Welcome to the twenty-third post of the Great Writing Challenge of 2012.
Five days a week for six months, I will be given a topic to write about. The stipulation: it must be 250 words (or more), and positive in tone.
If you would like to suggest topics for me to write about, please email me at TheRebeccaProject [at] gmail [dot] com.
Walk into any beauty store, and you’ll find lotions and potions and paint and perfume for anything and everything.
But when did we start needing all of this stuff?
And does anyone ever finish eyeshadow?
Make up: is it self empowering or simply false advertising?
[Source: Pinterest]
I think it’s both, and maybe the pendulum swings. I knew East Coast girls in college here who reapplied their make up before bed, and arose earlier than their mate to reapply for a ‘fresh morning look’. Seriously.
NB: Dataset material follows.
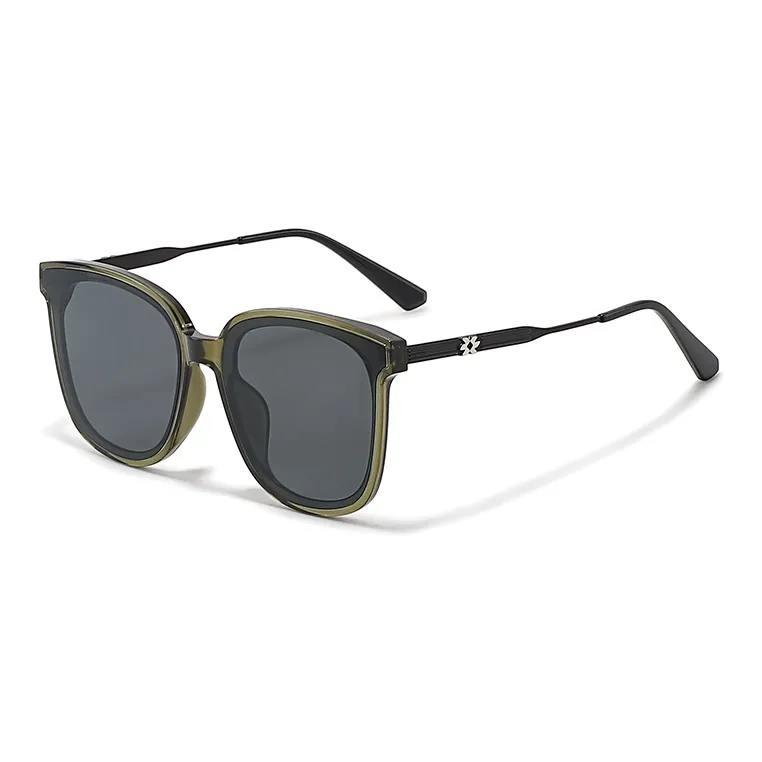 Sagawa Square Sunglasses Unisex-9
For me, that’s taking things too far. Plus, if you never let people see the unmade-up you, then you won’t ever get compliments, right?
Recently, I sat down one Friday night and put on some makeup just for enjoyment. I went for something a little dramatic, and with just four products, I was able to change the way I look. It was empowering. I could be whomever I wanted to be. Maybe make up is a way for us to align our outward-facing self with our inward-facing self.
My skin is naturally a little oily in parts and a little dry. It’s neither fair nor olive. I have the scars from a summer holidays enjoying chicken pox, aged 9. Purple rings under my eyes deepen in colour and depth with each year that passes. Plenty of freckles from a lifetime in the harsh Australian sun, and the lines from 31 years of laughter. These are the things that make me who I am. So why do we want to cover these ‘flaws’ up? In some respects, I think by caking my face in creams and colours, I am wearing a veil of my own.
Here’s the conundrum: I am woman trying to get comfortable in her own skin. I don’t like the time, effort or outcome of making myself up fully. But here in the US, more than any other place I’ve ever lived, there is real pressure to not look like an old hag. It makes me feel I need the primer, the 24 hour kiss-proof lipstick, the waterproof mascara…
What do you think? Is make up a tool for self empowerment or simply false advertising?